Данная проблема не так уж и далека от нас. Идеи не умирают. Но и выживают они не только как анахронизмы. В какой-то момент они могут достигать научной стадии, а потом утрачивать свою научность или вновь возникать уже в других науках. Их применение и статус, даже их форма и содержание могут меняться; к тому же в ходе такого действия, в таком перемещении и распределении новой области они удерживают нечто существенное. Идеи всегда востребуемы именно потому, что уже сослужили службу, но совершенно в иных актуальных воплощениях [modes]. Ибо, с одной стороны, отношения между животными — не только объект науки, но также объект снов, символизма, искусства, поэзии, применения и практического использования. А с другой стороны — отношения между животными тесно связаны с отношениями между человеком и животным, мужчиной и женщиной, взрослым и ребенком, человеком и стихиями, человеком и физическим и микрофизическим мирами. Двойная идея «серии — структуры» в определенный момент переступает научный порог, но она вовсе не начинается с него и не останавливается на нем, а кроме того, она переходит в другие области знания, оживляя, к примеру, гуманитарные науки, обслуживая изучение снов, мифов и иных образований. История идей никогда не была непрерывной, она всегда с подозрением относилась к сходствам, а также к происхождению и преемственности; она довольствовалась помечанием порогов, пересекаемых идеей, путей, которых последняя придерживается и которые меняют ее природу или объект. Вот почему — с точки зрения коллективного воображения или общественного сознания — объективные отношения между животными приложимы и к определенным субъективным отношениям между человеком и животным.

Юнг разработал теорию Архетипа как коллективного бессознательного, где животное играет особо важную роль в снах, мифах и человеческих сообществах. Такое животное неотделимо от серии, допускающей двойной аспект прогрессии-регрессии, где каждый термин играет роль возможного преобразователя либидо (метаморфоза). Все исследование сновидений проистекает отсюда; если дан тревожащий образ, то речь идет об интегрировании его в собственную архетипическую серию. Такая серия может заключать в себе женскую, мужскую или детскую, а также животную, растительную и даже элементарную или молекулярную последовательности. В отличие от естественной истории человек теперь уже не выделенный термин серии; таким термином — относительно данного действия или функции и согласно данному требованию бессознательного — может быть животное для человека: лев, краб, птица или блоха. Башляр написал прекрасную юнгианскую книгу, где исследовал разветвленные серии Лотреамона, принимая во внимание коэффициент скорости метаморфоз и степень совершенства каждого термина в зависимости от чистой агрессивности как основания серии — змеиное жало, рог носорога, клык собаки, клюв совы; ну а еще выше — коготь орла или стервятника, клешня краба, лапки вши, щупальца осьминога. Во всем творчестве Юнга мимесис захватывает в свою сеть и природу, и культуру — с помощью аналогий пропорции, где серии, их термины и, более того, животные, занимающие промежуточное положение, обеспечивают циклы превращения природа — культура — природа: архетипы как «основанные на аналогии представления».[278]
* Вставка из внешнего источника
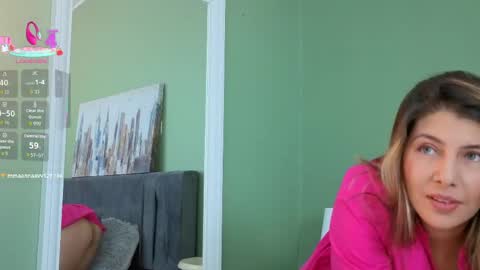 Snapshot of scarlett_moore_ chatting on May 31, 2026, 7:04 pm Scarlett online show from May 31, 2026, 7:04 pm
Случайно ли, что структурализм столь резко поносил и престиж воображения, и обустройство сходств в серии, и имитацию, пронизывающую всю серию целиком и сводящую ее к собственному термину, и идентификацию с этим конечным термином? Нигде это так явно не выражено, как в знаменитых текстах Леви-Строса, касающихся тотемизма — выходить за пределы внешних сходств, дабы достичь внутренних гомологий. [279] Речь уже идет не об учреждении сериальной организации воображаемого, а о символическом и структурном порядке рассудка. Речь уже идет не о градуировании сходств и достижении, в конце концов, некоего отождествления Человека и Животного в сердцевине мистической сопричастности. Речь идет об упорядочивании различий с тем, чтобы достичь некоего соответствия отношений. Ибо животное, рассмотренное само по себе, распределяется согласно дифференциальным отношениям и характерным оппозициям между видами; то же годится и для людей, рассматриваемых с точки зрения упомянутых групп. Что касается института тотема, то мы не говорим, будто такая-то группа людей отождествляется с таким-то видом животных; мы говорим: то, чем группа А является для группы В, тем же вид А' является для вида В'. Такой метод глубоко отличен от предыдущего: если даны две группы людей, каждая со своим тотемным животным, то нужно раскрыть тот способ, каким два тотема поддерживают отношения, аналогичные отношениям между двумя группами — Ворон для Сокола является тем же, чем…

Этот метод равным образом годится и для отношений мужчина — ребенок, мужчина — женщина и т. д. Замечая, например, что воин проявляет какое-то странное отношение к девушке, мы воздерживаемся от полагания связывающей их воображаемой серии; скорее, мы ищем термин, делающий эффективной эквивалентность отношений. Так, Вернан может говорить, что брак для женщины — то же, что война для мужчины, откуда вытекает гомология между девственницей, отвергающей брак, и воином, маскирующимся под девушку.[280] Короче, символический рассудок заменяет аналогию пропорции аналогией пропорциональности; сериацию сходств — структурированием различий; идентификацию терминов — равенством отношений; метаморфозы воображения — метафорами в концепте; великую непрерывность природы — культуры — глубоким разрывом, распределяющим соответствия без сходства между ними; имитацию изначальной модели — мимесисом, который сам первичен и существует без модели. Мужчина никогда не может сказать: «Я — бык, я — волк…», но он может сказать: я для женщины — то же, что бык для коровы; я для другого мужчины — то же, что волк для овцы. Структурализм является великой революцией; весь мир становится более рациональным. Рассматривая эти две модели — серию и структуру, — Леви-Строс не довольствуется тем, что наделяет вторую модель всем престижем подлинной классификации; он относит первую модель к темной области жертвоприношения, которую представляет как иллюзорную и даже лишенную здравого смысла. Сериальная тема жертвоприношения должна уступить место верно понятой структурной теме института тотема. Но, опять же, здесь, как и в естественной истории, между архетипическими сериями и символическими структурами устанавливается множество компромиссов.[281]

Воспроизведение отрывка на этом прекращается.